The data:

Content starts

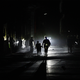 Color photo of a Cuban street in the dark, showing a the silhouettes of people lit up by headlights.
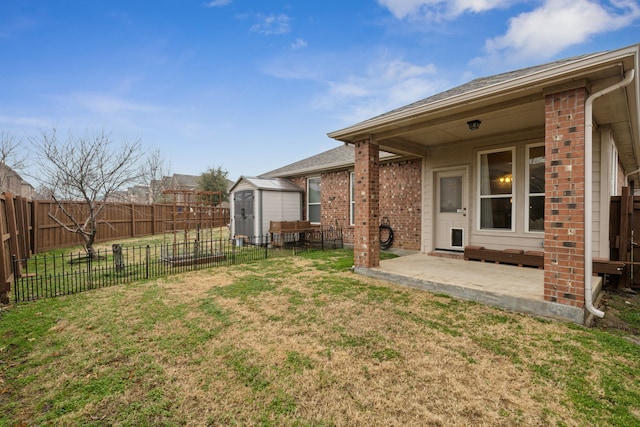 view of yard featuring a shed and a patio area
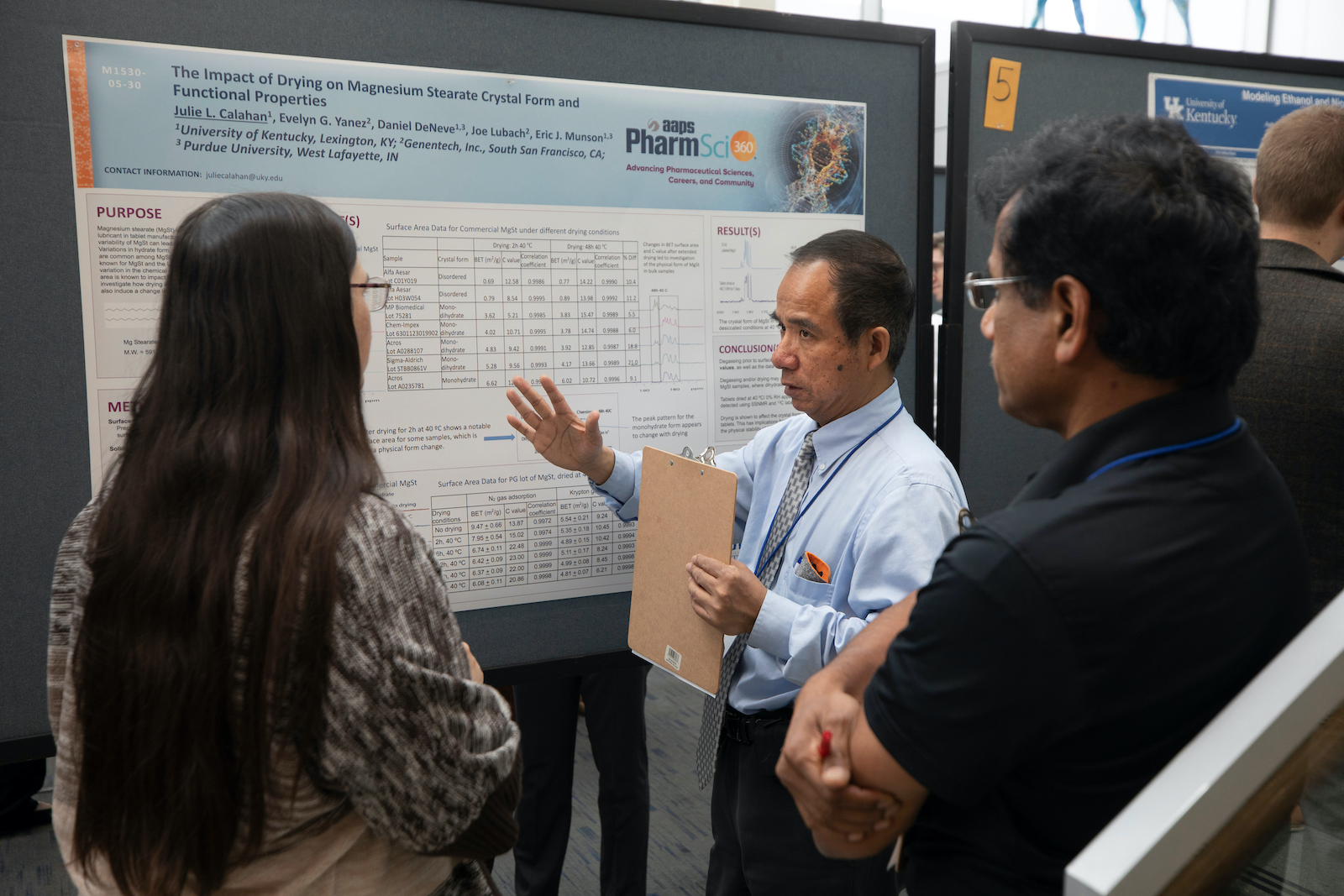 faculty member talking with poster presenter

Content ends
Content starts

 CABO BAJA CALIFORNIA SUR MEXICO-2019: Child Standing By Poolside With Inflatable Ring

Content ends

Task instructions: What belongs in the answer is each line above from the line with "Color photo of" to the line with "faculty member talking with poster presenter", inclusive, reproduced exactly and free of pictures.

Reply to the task:
 Color photo of a Cuban street in the dark, showing a the silhouettes of people lit up by headlights.
 view of yard featuring a shed and a patio area
 faculty member talking with poster presenter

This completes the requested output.